We all go through life knowing that someday we won’t be here forever. I’m not afraid of dying and see it as a natural part of life. But what does worry me is growing old and not being able to take care of myself. The idea of relying on a hospice nurse makes me a bit anxious.
The thought of needing help with everything, being unable to do simple things on my own, and forgetting my loved ones’ names scares me. It’s not the kind of life I’d want. This fear reminds me of Maria, a music teacher who was cared for by a hospice nurse in 2016.
One night, as I was leaving at the end of my shift, I said ‘Goodnight, Irene.’ Then I asked her if she knew the song ‘Goodnight, Irene,’ and I sang a little bit of it. She looked at me and smiled,” Berg said. “For someone who didn’t usually talk much with the nurses, that smile meant a lot, and I knew I had made a connection with her.”As Rosipajla’s health got worse, it was decided to move her from the hospital to hospice care. “The last time I took care of Irene, I wanted to do something kind for her and her family, so I brought my guitar,” said Berg, who had studied music in college. “I sang ‘Goodnight, Irene,’ and it was a really special moment. I was nervous about singing in front of someone, but when I started playing and singing, she was so focused, and her family was really touched.”
Michelle Naypauer, Irene Rosipajla’s daughter-in-law who saw her as a mother, was in the room and moved to tears. “Irene was a wonderful person who treated me like a daughter,” Naypauer said. “In the last few months, Irene was in and out of the hospital, and we got to know Annamarie well.”
“Before the song, Annamarie had already done some great things. Our middle son, Eric, got married in August, and Annamarie helped set up FaceTime so Mom could be at the reception bridal table. It was beautiful,” Naypauer shared.
Naypauer, who recorded Annamarie singing to Irene, wanted to capture the special moment to share with the family. “There were so many tears, and it was just so beautiful,” she said. The song was a heartfelt farewell to Irene, who passed away a few weeks later at home, surrounded by her family.
Watch Joshua sing to Maria while she was in his carehttps://www.youtube.com/watch?v=uGFRHyt1sFQ
1. “Maria is dying. Then carer takes something out of his pocket and fulfills her last wish..” Newsner. Norhan Elhakeem. October 26, 2017
2. “Nurse sings to patient moving to hospice care in touching moment.” ABC News. Haley Yamada. March 2, 2020.
Is Having Bright Pink Hair in Church Disrespectful? I’m Having Trouble Comprehending It
This past Sunday was supposed to be just like any other day at church—quiet, reflective, and full of reverence. However, something caught my eye during the service that I simply couldn’t ignore: a woman sitting near the front pew with bright pink hair. I was stunned. I know we live in a time where self-expression is celebrated, but I can’t help feeling like this was completely out of place in a sacred space like church. To me, church has always been about modesty and respect, not making bold fashion statements.

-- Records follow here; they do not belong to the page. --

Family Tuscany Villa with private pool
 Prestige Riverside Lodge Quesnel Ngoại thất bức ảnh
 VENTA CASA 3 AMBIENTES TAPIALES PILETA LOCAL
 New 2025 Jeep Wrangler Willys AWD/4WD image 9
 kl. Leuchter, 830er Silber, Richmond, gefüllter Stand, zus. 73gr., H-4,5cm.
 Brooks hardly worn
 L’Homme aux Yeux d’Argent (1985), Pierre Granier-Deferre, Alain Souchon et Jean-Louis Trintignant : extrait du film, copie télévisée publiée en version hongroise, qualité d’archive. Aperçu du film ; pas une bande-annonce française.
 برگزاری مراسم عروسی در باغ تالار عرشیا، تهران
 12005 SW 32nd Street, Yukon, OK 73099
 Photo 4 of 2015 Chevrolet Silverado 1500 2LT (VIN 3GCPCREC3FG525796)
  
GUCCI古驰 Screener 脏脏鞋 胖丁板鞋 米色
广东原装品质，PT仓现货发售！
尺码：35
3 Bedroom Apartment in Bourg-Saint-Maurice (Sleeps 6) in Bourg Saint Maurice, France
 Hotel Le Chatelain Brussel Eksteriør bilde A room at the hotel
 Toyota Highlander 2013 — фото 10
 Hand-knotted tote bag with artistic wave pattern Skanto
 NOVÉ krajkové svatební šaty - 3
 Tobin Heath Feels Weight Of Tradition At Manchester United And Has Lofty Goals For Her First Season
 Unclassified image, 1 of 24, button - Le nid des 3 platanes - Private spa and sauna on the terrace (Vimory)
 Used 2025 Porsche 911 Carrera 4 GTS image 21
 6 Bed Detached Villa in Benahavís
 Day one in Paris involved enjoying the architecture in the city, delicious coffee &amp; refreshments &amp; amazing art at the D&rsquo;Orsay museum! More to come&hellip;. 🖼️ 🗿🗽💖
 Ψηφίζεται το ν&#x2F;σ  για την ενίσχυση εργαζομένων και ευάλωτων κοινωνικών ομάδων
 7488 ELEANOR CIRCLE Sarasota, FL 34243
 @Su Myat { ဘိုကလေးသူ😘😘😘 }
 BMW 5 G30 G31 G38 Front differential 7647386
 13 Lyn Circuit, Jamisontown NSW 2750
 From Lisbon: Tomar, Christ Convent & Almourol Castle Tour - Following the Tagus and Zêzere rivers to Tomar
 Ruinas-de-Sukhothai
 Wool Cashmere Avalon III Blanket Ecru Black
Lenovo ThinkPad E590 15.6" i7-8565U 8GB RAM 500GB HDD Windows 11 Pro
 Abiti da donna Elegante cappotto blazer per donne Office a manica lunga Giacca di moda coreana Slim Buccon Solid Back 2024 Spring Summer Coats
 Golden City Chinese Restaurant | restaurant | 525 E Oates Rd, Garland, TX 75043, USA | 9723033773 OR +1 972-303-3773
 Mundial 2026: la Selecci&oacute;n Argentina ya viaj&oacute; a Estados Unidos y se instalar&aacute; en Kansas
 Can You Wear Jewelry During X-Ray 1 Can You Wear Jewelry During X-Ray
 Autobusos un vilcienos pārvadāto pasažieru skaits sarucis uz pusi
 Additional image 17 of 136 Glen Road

I tried to focus on the sermon, but the vibrant color of her hair kept pulling my attention. It wasn’t just a subtle pastel pink—it was bold, neon, the kind that makes you do a double-take. I grew up in a time where people dressed modestly for church, where muted tones and simplicity were signs of respect. Is it wrong that I feel like pink hair, especially that loud, is disrespectful in a place of worship?
After the service ended, I saw the woman standing outside, chatting with some people. I hesitated for a moment, wondering if I should say something, but my curiosity—and concern—got the better of me. I approached her with every intention of being polite.
“Excuse me,” I started cautiously, “I couldn’t help but notice your hair. I just wanted to share that I feel like such bright colors might not be appropriate for church.”
Her eyes widened, and for a brief moment, I thought she would apologize or at least explain. Instead, her response shocked me.
“Well, I don’t think it’s any of your business,” she replied sharply, with a slight smile that didn’t seem friendly. “I come to church to pray, not to be judged for how I look.”
I was completely taken aback. I hadn’t expected such a curt reaction. My intention wasn’t to offend her, but simply to express my feelings on what I thought was an important matter of respect for the church. However, her words left me feeling conflicted. Had I overstepped?
Now, I’m really struggling with this situation. I’ve always believed that there should be certain standards when it comes to how we present ourselves in church. It’s not about suppressing individuality, but about showing respect for a space that many of us hold sacred.
Was I wrong for speaking up? Maybe I’m just being old-fashioned, but it feels like we’re losing a sense of reverence for tradition and sacred spaces. Am I the only one who feels this way? Has anyone else experienced something similar in their church?
I’d really love to hear your thoughts on this. Do you think I was out of line, or is there still room for certain standards when it comes to respect in church?